Let’s create a new sample api to show the basic pieces of the s100py framework. We’ll lay out an example data spec and then create the code and classes to make it work. The basic data types are:

  • basic attribute (string, int, float, enum)

  • named ‘compound array’ dataset

  • grid dataset

  • named sub group

  • variable number of occurrence subgroup (e.g. Group_01, Group_02…)

  • file

Here is our pretend data spec:

S999
|
+ datasetWithNames (type=compound dataset)
| |
| + attrInt (type=int)
| |
| + attrFloat (type=float)
| |
| + attrStr (type=string)
|
+ dataGroup_01, dataGroup_02...  (type=multi-occurrence group)
| |
| + nameOfData (type=enumeration)
| |
| + dataGrid (type=rectangular grid dataset)
|
+ myLocationGroup (type=sub group but based on a S100 type, GeographicBoundingBox)
| |
| + utmZone (type=int)
|
+ myFirstObject (type=sub group)
| |
| + dataValue (type=string)

Each piece of data from the S100 spec there should be a python friendly (pep8 - “snake case”) name to hold the data. Also there is a read only property that contains the S100 name (which may be camel case and not as human friendly). There are also two helpers to help discover the type of the data that should be stored and one to create an instance of the data with an appropriate default.

Let’s start from the bottom of the tree and make a group object that has a string attribute. This could look like:

class myFirstObject:
    def __init__(self, val):
        self.data_value=val
        self.__data_value_hdf_name__ = "dataValue"
        self.__data_value_type__ = float
    def data_value_create(self):
        self.data=999

But doing this would require the data types read and write themselves to disk and do other housekeeping. Also data validation would be harder.

For datatypes that have child data members there is a base class s1xx.S1xxObject. This eventually equates to an HDF5 Group object that can have HDF5 attributes, datasets or subgroups. To allow for qc of the input and output of data by the user or what is being read from disk, we used properties (@property) instead of plain member data. They work the same when writing code but allow the API to validate data in addition.

The data is actually held in a ‘private’ dictionary “_attributes” which is based on the S100 names (not the python style naming). This allows for any data in an HDF5 file when read to also be stored, so if reading non-standard data or a newer or older format, there is a better chance that the data will still behave naturally and not be lost.
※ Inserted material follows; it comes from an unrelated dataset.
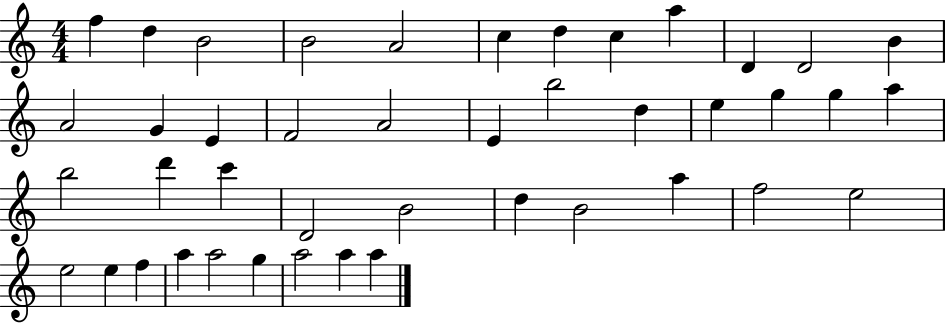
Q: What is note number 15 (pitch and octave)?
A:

We also provide type hints to help auto create the docs and when writing code in an IDE or shell that supports typehints.

Here is how the API is actually implemented, notice the name MyObject does not have to match the S100 name of myFirstObject:

# Import modules we are going to use below.
from enum import Enum
import numpy
from typing import Callable, Iterator, Union, Optional, List, Type
from s100py import s1xx, s100

class MyObject(s1xx.S1xxObject):
    """ Create our first data class with properties etc """
    @property
    def __version__(self) -> int:
        return 1

    __data_value_hdf_name__ = "dataValue"  #: HDF5 naming

    @property
    def data_value(self) -> str:
        return self._attributes[self.__data_value_hdf_name__]

    @data_value.setter
    def data_value(self, val: str):
        self._attributes[self.__data_value_hdf_name__] = val

    @property
    def __data_value_type__(self) -> str:
        return str

    def data_value_create(self):
        """ Creates a blank, empty or zero value for data_value"""
        self.data_value = self.__data_value_type__()

That would be a lot of typing, but there is a template in Extending the API that makes it much faster and is even better when used as a PyCharm Live Template. If using PyCharm just type in the S100 camelcase name and run the live template and it will automatically make the python style name. Hit tab and you can specify the datatype and it will fill it into multiple locations at once for you.

To recap:
  • @property to get the data and do any reformatting needed etc.

  • @property.setter potential validation or other checks/changes to incoming data

  • __*_hdf_name__ which defines the conversion from python naming to HDF5 (S100) naming

  • __*_type__ to help the user of the api know the type to use and for the api to load from disk

  • *_create to make empty objects or supply default values as specified by S100

NOTE:

For the _type__ property a general python type (int, float) can be used or a numpy type (numpy.int32, numpy.float64). If a numpy type is used then the data can be set with a python value but will be stored in HDF5 as the specific type. General python types will end up as whatever type the os platform uses. We have observed Linux using int64 while Windows uses int32 for int.

Now let’s try a datatype that has eastBoundLongitude, westBoundLongitude, northBoundLongitude, southBoundLatitude and utmZone. The first four attributes are already part of an s100.GeographicBoundingBox so let’s derive a class from there.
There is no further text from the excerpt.